A character vector containing texts to be processed.

doc_ids

A character vector containing document ids.

tagger

A tagger object (default is NULL).

language

The language of the texts (default is NULL).

show.text_id

A logical value. If TRUE, includes the actual text from which the entity was extracted in the resulting data table. Useful for verification and traceability purposes but might increase the size of the output. Default is FALSE.

gc.active

A logical value. If TRUE, runs the garbage collector after processing all texts. This can help in freeing up memory by releasing unused memory space, especially when processing a large number of texts.
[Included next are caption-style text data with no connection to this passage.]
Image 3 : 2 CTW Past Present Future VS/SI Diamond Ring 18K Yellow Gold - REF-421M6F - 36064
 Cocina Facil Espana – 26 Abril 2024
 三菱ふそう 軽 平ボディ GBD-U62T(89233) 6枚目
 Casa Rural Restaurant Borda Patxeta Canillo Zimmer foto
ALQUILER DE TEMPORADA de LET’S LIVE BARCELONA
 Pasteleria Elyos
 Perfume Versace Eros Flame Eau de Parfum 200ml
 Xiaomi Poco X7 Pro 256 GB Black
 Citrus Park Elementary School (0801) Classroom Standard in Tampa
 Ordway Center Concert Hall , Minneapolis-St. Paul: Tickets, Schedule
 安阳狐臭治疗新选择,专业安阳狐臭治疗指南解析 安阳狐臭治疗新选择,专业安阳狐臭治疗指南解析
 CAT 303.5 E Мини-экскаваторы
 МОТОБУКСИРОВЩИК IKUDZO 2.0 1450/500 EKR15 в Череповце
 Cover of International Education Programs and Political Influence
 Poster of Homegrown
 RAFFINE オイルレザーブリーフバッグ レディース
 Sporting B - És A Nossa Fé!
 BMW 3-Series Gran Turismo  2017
Default is FALSE.

Value

A data.table containing the following columns:

doc_id

The document identifier corresponding to each text.

token_id

The token number in the original text, indicating the position of the token.

text_id

The actual text input passed to the function.

token

The individual word or token from the text that was POS tagged.

tag

The part-of-speech tag assigned to the token by the Flair library.

precision

A confidence score (numeric) for the assigned POS tag.

Examples

if (FALSE) { # \dontrun{
library(reticulate)
library(fliaR)
tagger_pos_fast <- load_tagger_pos('pos-fast')
texts <- c("UCD is one of the best universities in Ireland.",
           "Essex is not in the Russell Group, but it is famous for political science research.",
           "TCD is the oldest university in Ireland.")
doc_ids <- c("doc1", "doc2", "doc3")

get_pos(texts, doc_ids, tagger_pos_fast)
} # }